The 9 Pitfalls of Data Science shows us real-world examples of what can go wrong. Written to be an entertaining read, this invaluable guide investigates the all too common mistakes of data scientists - who can be plagued by lazy thinking, whims, hunches, and prejudices - and indicates how they have been at the root of many disasters, including the Great Recession.
Gary Smith and Jay Cordes emphasise how scientific rigor and critical thinking skills are indispensable in this age of Big Data, as machines often find meaningless patterns that can lead to dangerous false conclusions. The 9 Pitfalls of Data Science is loaded with entertaining tales of both successful and misguided approaches to interpreting data, both grand successes and epic failures. These cautionary tales will not only help data scientists be more effective, but also help the public distinguish between good and bad data science.

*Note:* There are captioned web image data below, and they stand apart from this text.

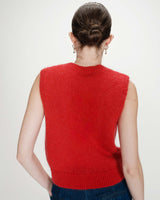 Sleeveless wool and mohair sweater rouge Vollo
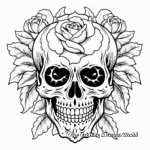 Baroque Style Rose Skull Coloring Pages 4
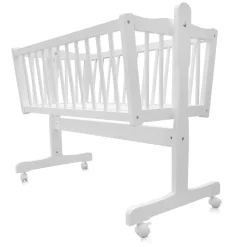 Baby Wiege Kinder Bett Stubenwagen Beistellbett + 9 tlg. Zubehör Weiß Grau ^ Oskar Outlet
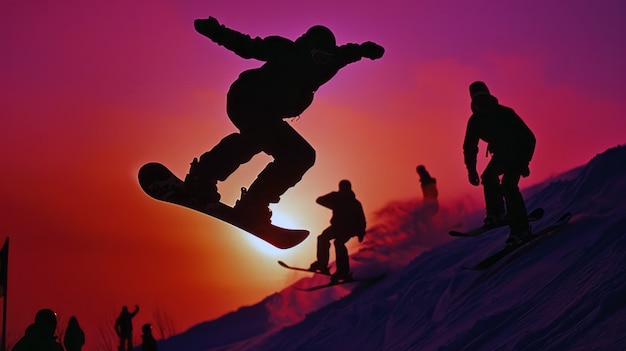 Photo gratuite photorealistic wintertime scene with people snowboarding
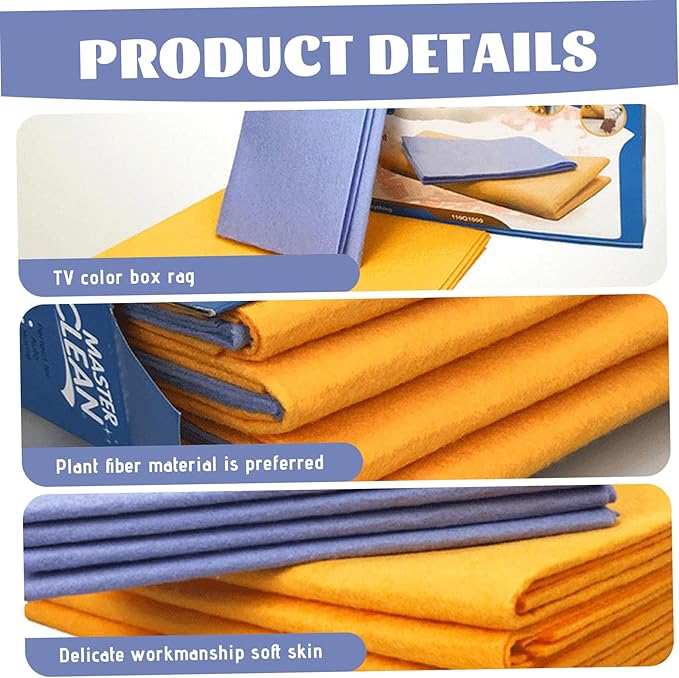 8PCS Shammy Cloth, Absorbent Cleaning Cloth Easy to Clean for Home, Kitchen, Bathroom, Car & Pet Stains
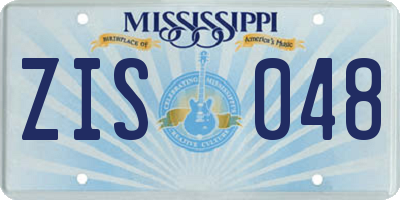 MS license plate ZIS048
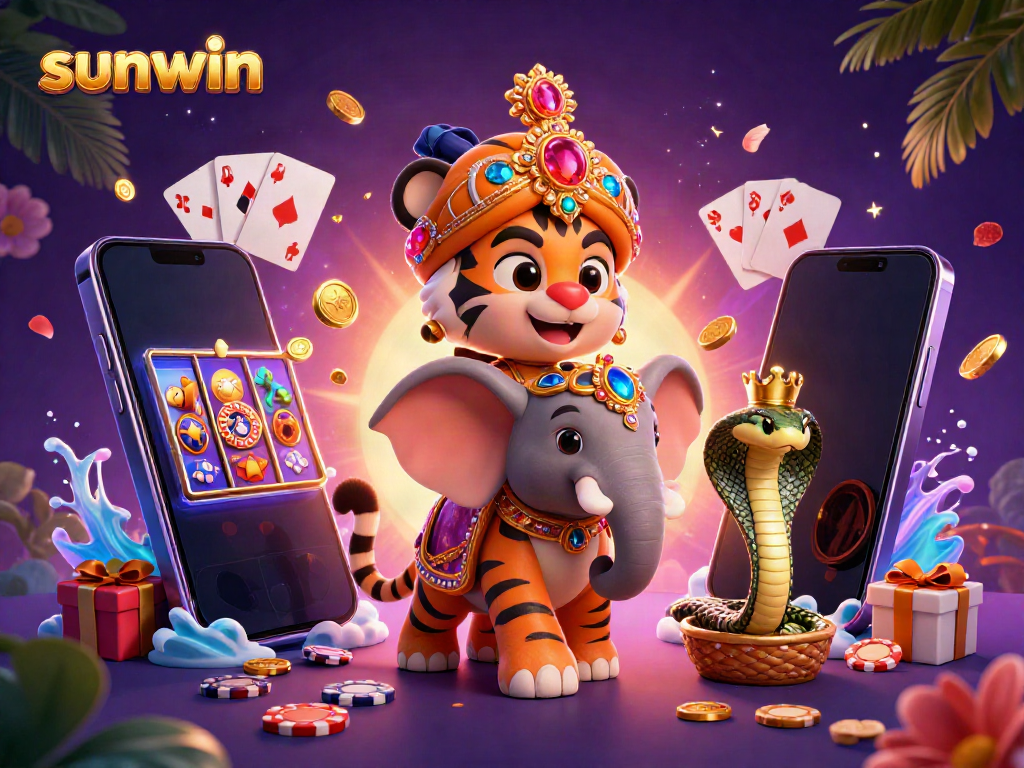 Win big at sunwin with vibrant slots showcased by a cartoon maharaja tiger and elephant in a dynamic casino scene.
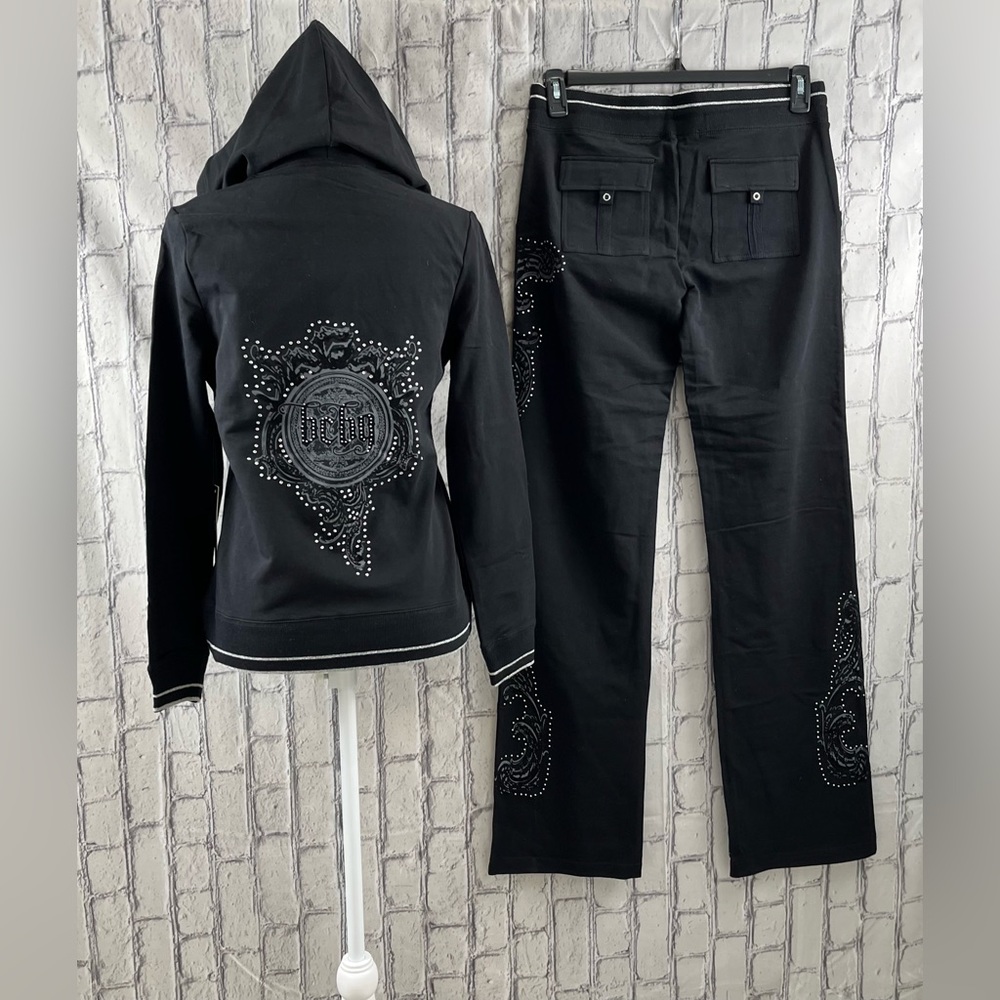 BCBG Maxazria Size:L WomenHoodie/Pants  Phinestone Detail Shimmer Thread Outline - Picture 2 of 16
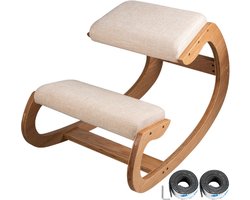 OxyFlowzy® - Ergonomische Kniestoel - Nordic Design - Beige - Goede Lichaamshouding - Comfortabel - Schommelstoel - Berkenhout - Bentwood Craft - Bureaustoel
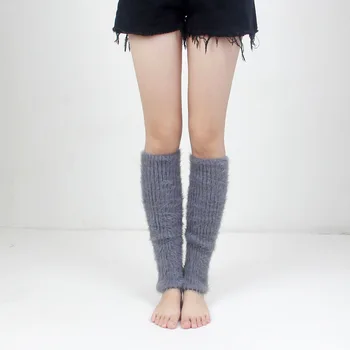 40cm крак нагреватели за зимни жени космати крака нагреватели Корея мода Legwarmers теле чорапи купчина купчина чорапи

1 Pitfall #1: Using Bad Data
2 Pitfall #2: Putting Data Before Theory
3 Pitfall #3: Worshiping Math
4 Pitfall #4: Worshiping Computers
5 Pitfall #5: Torturing Data
6 Pitfall #6: Fooling Yourself
7 Pitfall #7: Confusing Correlation with Causation
8 Pitfall #8: Being Surprised By Regression Toward the Mean
9 Pitfall #9: Doing Harm
10 Case Study: The Great Recession


Gary Smith is the Fletcher Jones Professor of Economics at Pomona College. He received his Ph.D. in Economics from Yale University and was an Assistant Professor there for seven years. He has won two teaching awards and written (or co-authored) more than 80 academic papers and twelve books including Standard Deviations: Flawed Assumptions, Tortured Data, and Other Ways to Lie With Statistics, What the Luck? The Surprising Role of Chance in Our Everyday Lives, and Money Machine: The Surprisingly Simple Power of Value Investing. His research has been featured by Bloomberg Radio Network, CNBC, The Brian Lehrer Show, Forbes, The New York Times, Wall Street Journal, Motley Fool, Newsweek, and BusinessWeek.
Jay Cordes is a data scientist who enjoys tackling challenging problems, including how to guide future data scientists away from the common pitfalls he saw in the corporate world. He's a recent graduate from UC Berkeley's Master of Information and Data Science (MIDS) program and graduated from Pomona College with a mathematics major. He has worked as a software developer and a data analyst and was also a strategic advisor and sparring partner for the winning pokerbot in the 2007 AAAI Computer Poker Competition world championship.